ML: I certainly felt very jealous when I read the stories. The news of the Queen of England attending a show demonstrates the sector’s important to the English economy and highlights London fashion week as a fundamental activity.
We haven’t had the audacity, despite that we are a younger country with a more dynamic Royal Family. The significant figures are going unrecognised: 2.9% of Spain’s GDP comes from the fashion sector, which accounts for thousands of jobs. If Spanish institutions, whether the Royal Family or the Government, fail to understand this, we have a problem. I would love to give the fashion industry the importance it deserves, one that makes us competitive and allows us to have an identity and strong presence in the international market.
FNW: When it comes to self-assessment, what should the sector change to be more competitive and project a better image abroad?
ML: In Spain, we have been historically wrong in our methods. French fashion is not made by Italians or Americas. It’s done by the French. English fashion and the evolution of its fashion week, which was in ‘stand-by’ for some time, is now recovering because they are now valuing their own heritage. If our Queen would attend a catwalk show, or if our President would make an important recognition to the Spanish fashion industry, other institutions of power in Spain would follow suit.
FNW: What would be the most appropriate way to portray Spanish fashion in the media?
ML: Many media outlets are wrong when they report about our designers, because they fail to recognise them as a great economic force, but it is important to consider the whole Spanish fashion industry as a 2.9% of Spain’s GDP.

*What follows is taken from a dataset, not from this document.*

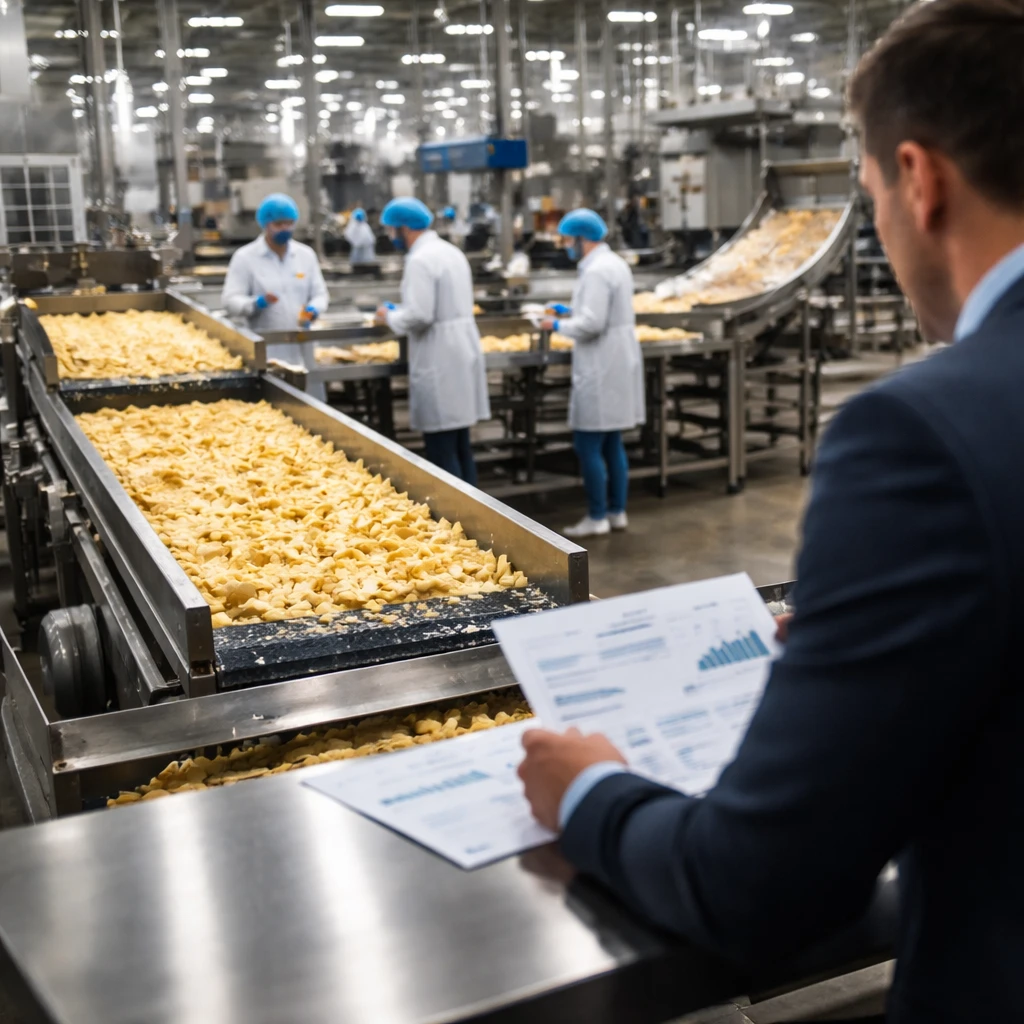 Activist Starboard Increases Stake in Lamb Weston, Pushes for Cost Cuts and Asset Sale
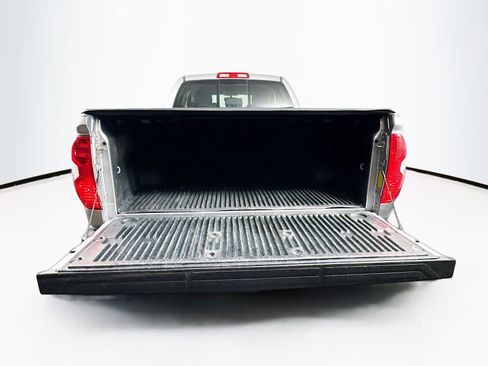 Used 2015 Toyota Tundra Limited w/ Limited Premium Package AWD/4WD image 24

We lack government involvement to value the fashion sector as a whole. Maintaining it over time will be difficult if we do not make decisions that are serious enough. According to the data compiled about ACME businesses in 2015, if we add up the revenue of the 56 members we had at the time, that would make us the sixth largest Spanish company.
FNW: What would be the strategy for Spain to get a place in the international fashion weeks calendar, until now dominated by the four big capitals?
ML: The dates and international calendar are not easy for Madrid, Barcelona or London. It is difficult to find a spot. We have changed our dates to curb the growth of London and stop a possible negative impact. It will be important to review later in future editions if we guessed it right or if we need to continue working on the dates. The weakening of other fashion weeks may also help us better place ourselves in the calendar.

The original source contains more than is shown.